Highlights & Insights¶
- Introduces the concept of the human memory "forgetting curve" into prompt optimization, dynamically managing the lifecycle of feedback/exemplars with priority scores; this approach can be transferred to other scenarios requiring long-term knowledge management.
- The design of Exemplar-Guided Reflection is elegant: it first generates CoT-style exemplary solutions and then uses them to assist feedback generation, forming a closed loop of mutual reinforcement.
Limitations & Future Work¶
- The scenario of human-in-the-loop optimization is not explored (when the model continues to fail, human-provided solutions might be more efficient).

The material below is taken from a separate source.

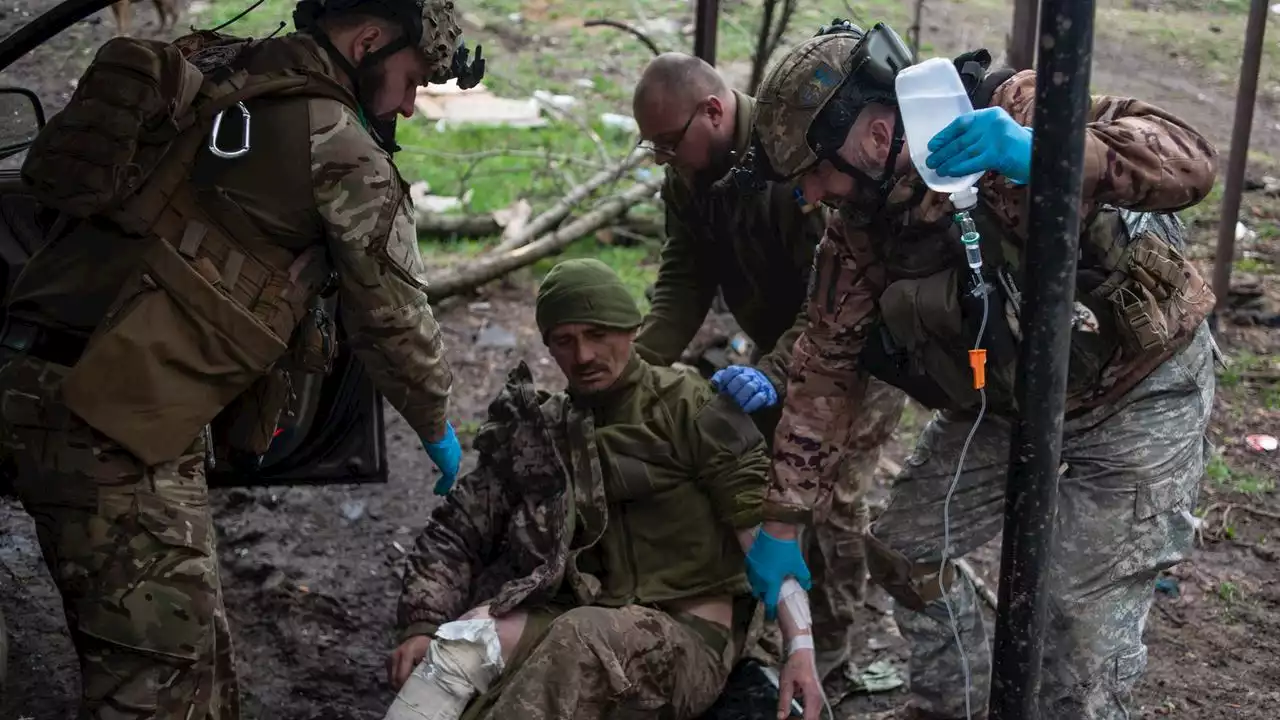 Ukraine: Lage in Bachmut spitzt sich zu - Heftige Kämpfe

- Experiments are constrained by budget, resulting in a limited variety of task types.
- Hyperparameters (\(\beta\), \(\theta\), \(\tau\)) in Feedback Memory and Exemplar Factory require tuning.
Related Work & Insights¶
- vs ProTeGi: ProTeGi only uses feedback from the current step, whereas ERM reuses historical feedback via the memory mechanism, achieving +10.1 on LIAR.
- vs OPRO/GPO: Trajectory-based methods optimize based on historical prompts and scores but fail to learn concrete improvement directions from errors.
- vs EvoPrompt: Evolutionary methods randomly mutate prompts without targeted feedback guidance.
Rating¶
- Novelty: ⭐⭐⭐⭐ Applying the memory mechanism to prompt optimization is an innovative combination, though the individual components are not entirely novel on their own.
- Experimental Thoroughness: ⭐⭐⭐⭐ 7 datasets, extensive ablation studies, and efficiency analyses.
- Writing Quality: ⭐⭐⭐⭐ Clear structure and well-illustrated figures.
- Value: ⭐⭐⭐⭐ Highly practical, with a significant increase in prompt optimization efficiency.